Task item: When you copy the data, keep every word exactly as it is and leave the pictures out.

Data below:
• • • •

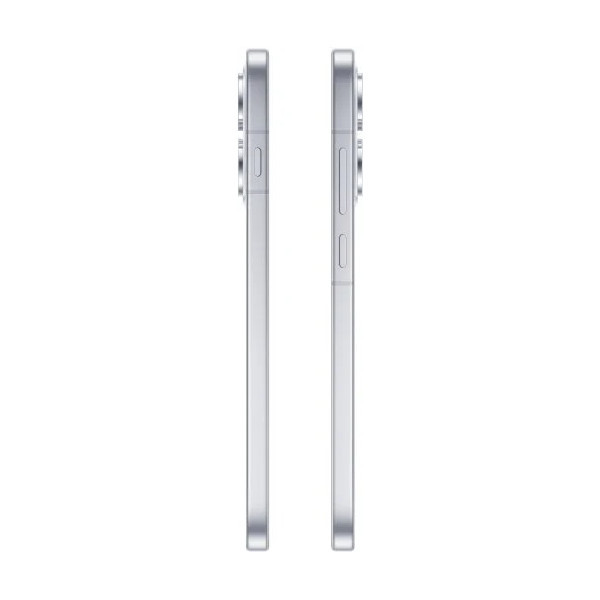 Смартфон Oppo Reno16 5G 12/256GB Pop White (CPH2865) UA Харків - зображення 6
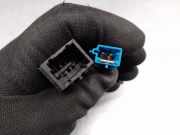 Gürtelschnalle 7700832663J Renault Safrane II Schrägheck 5-drs 2.2 dT RTE,RXE 12V (G8T-740)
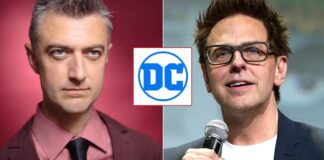 James Gunn Slams The Haters For Allegeing Him Of Playing Favourites & Labelling Him As A 'Nepotist'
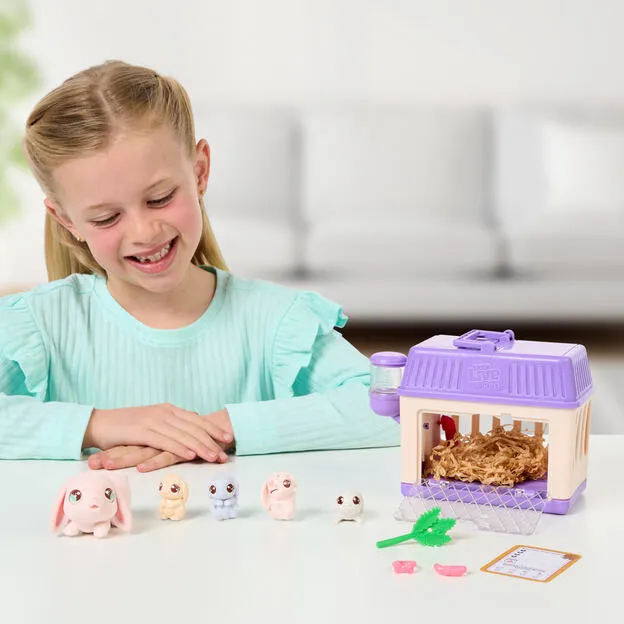 Moose Toys Little Live Pets Mama Surprise 26625 Thumbnail 8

• • • •

Answer section:
 Смартфон Oppo Reno16 5G 12/256GB Pop White (CPH2865) UA Харків - зображення 6
 Gürtelschnalle 7700832663J Renault Safrane II Schrägheck 5-drs 2.2 dT RTE,RXE 12V (G8T-740)
 James Gunn Slams The Haters For Allegeing Him Of Playing Favourites & Labelling Him As A 'Nepotist'
 Moose Toys Little Live Pets Mama Surprise 26625 Thumbnail 8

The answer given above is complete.